The Tail at Scale

20 Mar 2022

This post is my notes while going through [1]. See the Sources section for all sources used in this post. I do not own any of the materials.

The Big Ideas

Like fault tolerance, latency variability cannot be 100% eliminated. How can we design systems to be tail-tolerant given components with high tails?
Latency variability of individual components is magnified at the system/service level. See 100 machine example below.
Two class of techniques
- Eliminating latency variability: break tasks into smaller pieces, synchronize background activities. Note that caching does not help with tail latency
- Living with it: hedged requests, tied requests; micro-partitions, selective replication, latency-induced probation. good-enough responses

Why Are Latency Variabilities Important?

Results need to be returned to the user within tens of milliseconds. Prior studies have reported that for the user to feel as if the system is reacting instantaneously, the response time needs to be lower than 100ms.

Why Do Latency Variabilities Exist?

Applications contend for shared resources in an unpredictable manner; Maintainance activities such as periodic log compactions and garbage collection; CPUs may throttle if too heated; SSD may need to perform garbage collection.

Queuing delays on a server before a request begins execution. Turns out that once the request begins execution, the latency variation drops significantly.

Latency variability of individual components is magnified at the system/service level. This is similar to fault tolerance, Based on [3], if components are connected in “series”, i.e. single failure causes system failure, then the system availability is computed by multiplying the availability of each component. E.g. 10*99.999% components = 99.999%^10 = 99.99% (10*3 nines = 2 nines).
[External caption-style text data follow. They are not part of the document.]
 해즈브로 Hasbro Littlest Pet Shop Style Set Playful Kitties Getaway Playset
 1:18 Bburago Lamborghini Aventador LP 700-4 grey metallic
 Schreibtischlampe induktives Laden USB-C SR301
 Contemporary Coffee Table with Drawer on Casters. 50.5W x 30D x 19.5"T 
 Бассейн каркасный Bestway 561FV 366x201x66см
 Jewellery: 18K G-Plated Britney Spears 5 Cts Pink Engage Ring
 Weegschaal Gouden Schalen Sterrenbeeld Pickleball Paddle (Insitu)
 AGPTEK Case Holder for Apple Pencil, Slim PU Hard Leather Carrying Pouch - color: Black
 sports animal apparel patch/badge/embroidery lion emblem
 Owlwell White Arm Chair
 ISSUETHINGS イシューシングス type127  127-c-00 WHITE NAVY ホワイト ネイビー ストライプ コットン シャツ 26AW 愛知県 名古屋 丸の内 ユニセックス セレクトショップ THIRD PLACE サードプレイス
If components are connected in “parallel”, e.g. replicated, then the system availability is 1 - system failure rate, where the system failure rate is the product of the failure rate of each component. E.g 2*95% components = 1 - 5%*5% = 99.75%.
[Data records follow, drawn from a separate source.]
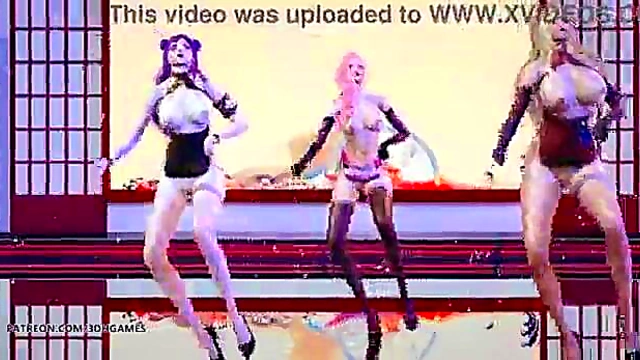 KDA Members' Steamy Nude Dance Party in MMD Hentai Cosplay Extravaganza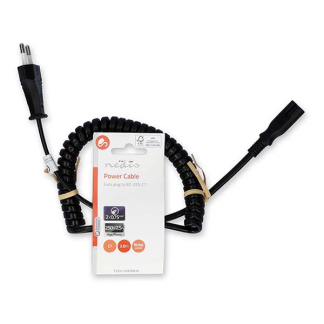 Nedis C7 kabel | Nedis | 2 meter (Spiraal) CEGL11042BK20 PCGP11042BK20 K010806193 - 3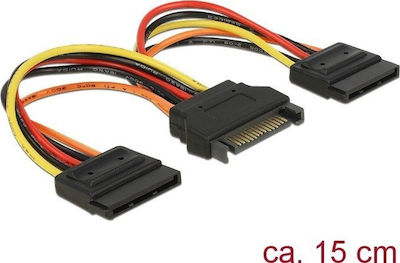 DeLock 15-Pin Sata - 15-Pin Sata Cable 0.15m Multicolour (60143)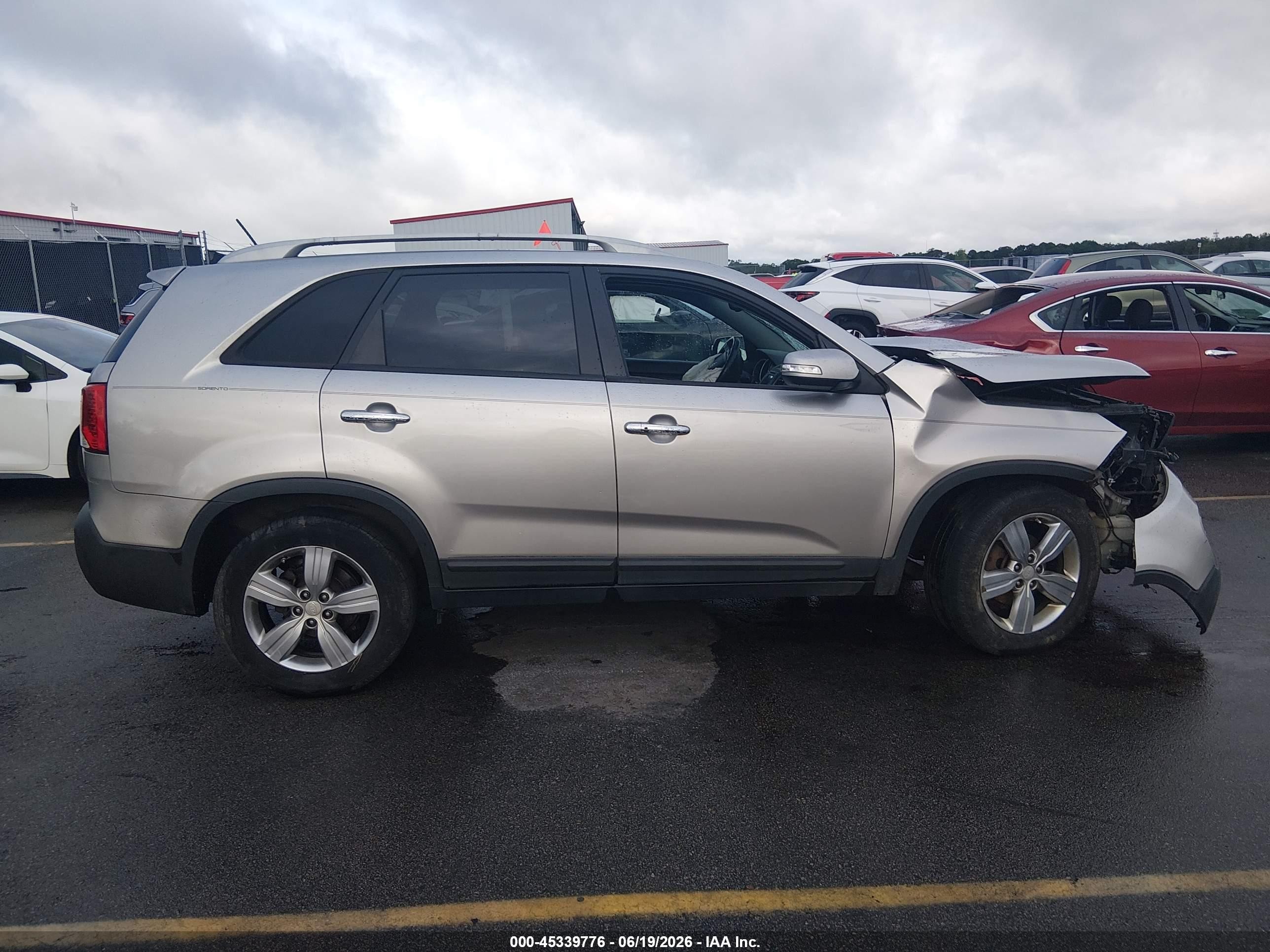 2013 Kia Sorento Ex V6 Gray vin: 5XYKU4A24DG380139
To illustrate the effect scale on latency variability, the author gives the following example:

Each server has 1 second 99th percentile latency. I.e. 1% of requests will have 1s latency.
If the user only interacts with 1 machine, then 1% chance of the request taking 1s.
If interacts with 100 machines in parallel, then in order for the latency to be lower than 1s, all 100 machines must respond within the 99th percentile latency. The probability of this is 1 - 99%^100 = 63%.
(Another way to look at this question is, flipping an unfair coin with a 1% chance of head, what is the probability of flipping 100 times and not getting a single head?)
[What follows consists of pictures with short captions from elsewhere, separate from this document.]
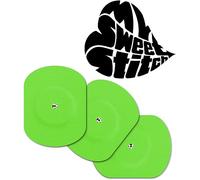 MySweetStitch - 10 x Freestyle Libre 1 & 2 pansement, Oval avec trou d'aération, Overpatch Ø 70 x 55 mm, protection capteur, imperméable, respirant, doux pour la peau, Fabriqué en Allemagne, Vert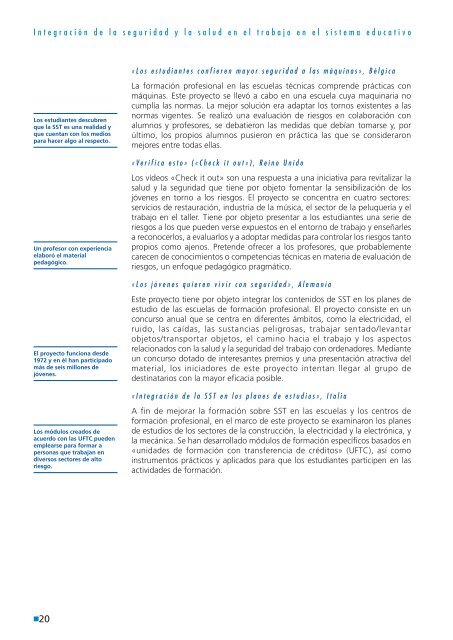 Informe - La integraciÃ³n de la seguridad y la salud en el trabajo en ...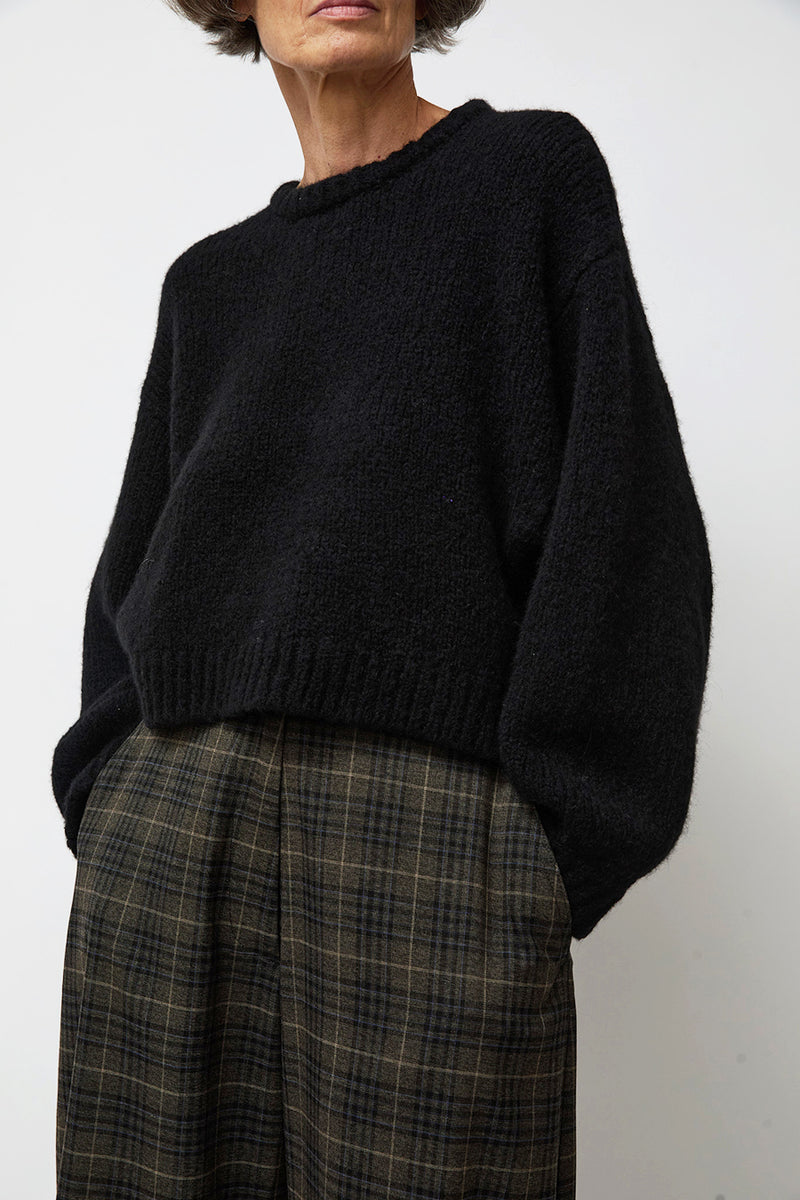 Atelier Delphine Balloon Sleeve Sweater in Black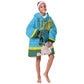 Rwanda Independence Day KId Wearable Blanket Hoodie Leopard With Roses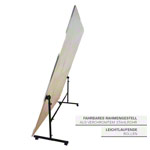 Light mirror, WxH 100x200 cm, mobile and swivelling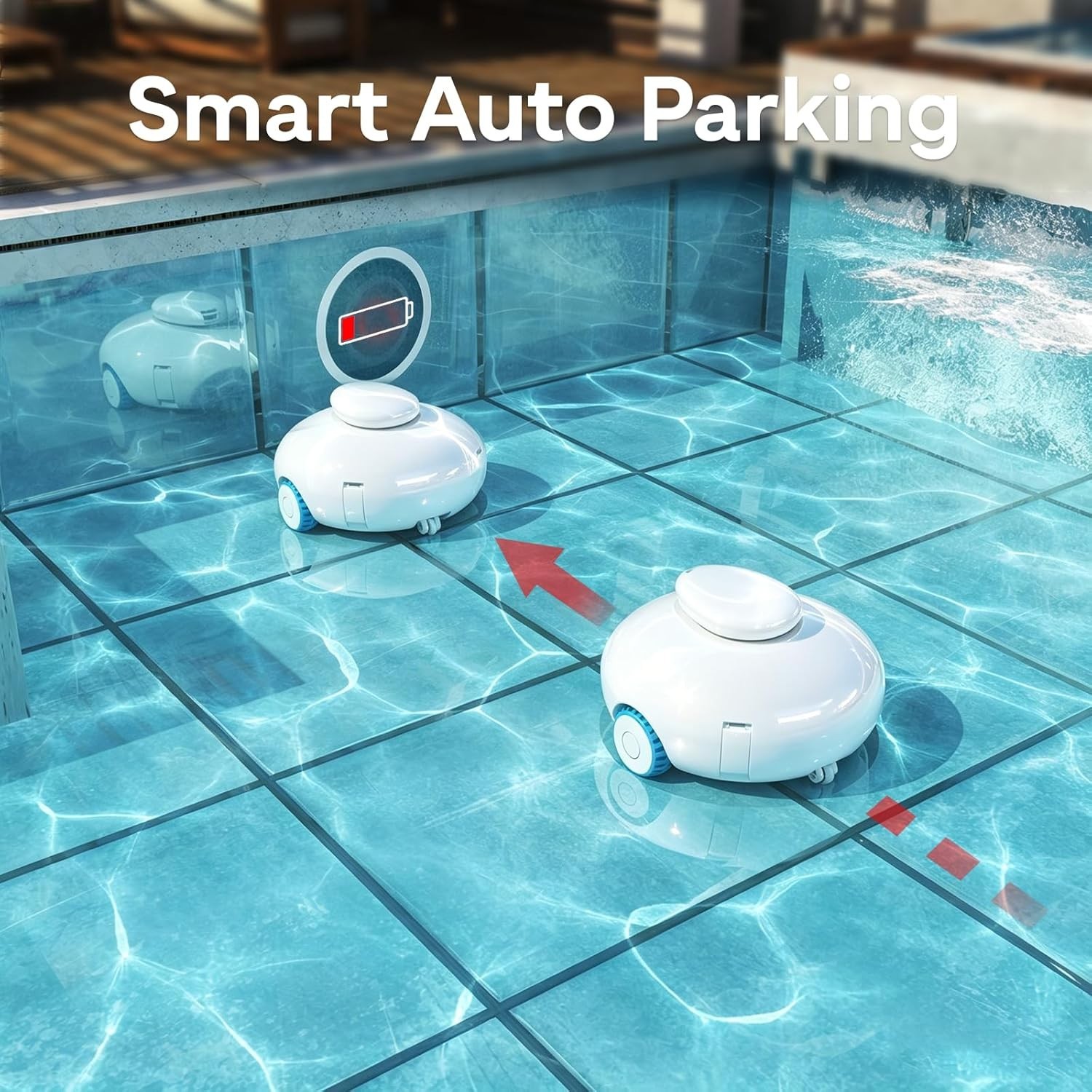 New K2 Cordless Robotic Pool Cleaner 120Min Runtime Suction Pool Vacuum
Try to Eliminate Latency Variability

Give interactive workloads higher priority when scheduling. Google keeps its low-level queues (e.g. OS disk queue) short so that high-priority interactive requests can be served faster. ?How does this work? Why can’t I just bypass the queue? Perhaps Google does not want to evict workloads that are already running to save the context switch cost?
Reduce head-of-line blocking (HOL): in the context of networking, HOL blocking occurs when a line of requests/packets is held up by the first request/packet in the line (Figure below [2]). In the context of distributed systems, since the system may run requests of different costs (runtime), long-running requests may block shorter requests. Google’s solution is to break down tasks into smaller requests.
Background activities: synchronize across machines to execute them at the same time, ideally when there are few interactive requests.
Distributed caching does not help tail latency, unless the entire working set can fit into the cache.

Live with Latency Variability

Just like fault tolerance, it is infeasible to completely eliminate all latency variations in the system. Categorize techniques into 1) short term, react in milliseconds 2) long term, tens of seconds.

Short term

Assuming we have multiple replicas of data items (for higher throughput/availability). We can use these replicas to improve tail latency as well. This also assumes that the cause of latency variation does not affect all replicas equally.

Hedged requests: send requests to default replica, but after some delay (e.g. 95th percentile expected latency), send to other replicas as well. Use the result from the replica that responds first.
Tied requests: since queuing plays a big role in latency variation, we can send the request to multiple servers (at the very start, not after some delay). When one of the servers starts executing this task (finished queuing), this server will send cancellation messages to the other servers also queuing this task.
Alternative is to first probe the number of tasks queued in each server and submit to the least-loaded server. This paper argues that this is less effective than tied requests because 1) load levels can change between probe and submission 2) server load is hard to estimate 3) may create hot-spot on least-loaded server.

Long term

Micro-partitions: divide tasks into fine partitions and have each server work on multiple partitions. This helps load balancing. Failure recovery speed can also be improved. ??? check how this works and connection with Spark. E.g. each BigTable machine manages 20-1000 tablets.
Selective replication: detect or predict hot items and create additional replicas to distribute the load.
Latency-induced probation: pause sending requests to slow machines. Continue to send shadow requests to these machines and observe their performance. If the cause of slowness is temporary, e.g. CPU spike, bring these machines back when performance recovers.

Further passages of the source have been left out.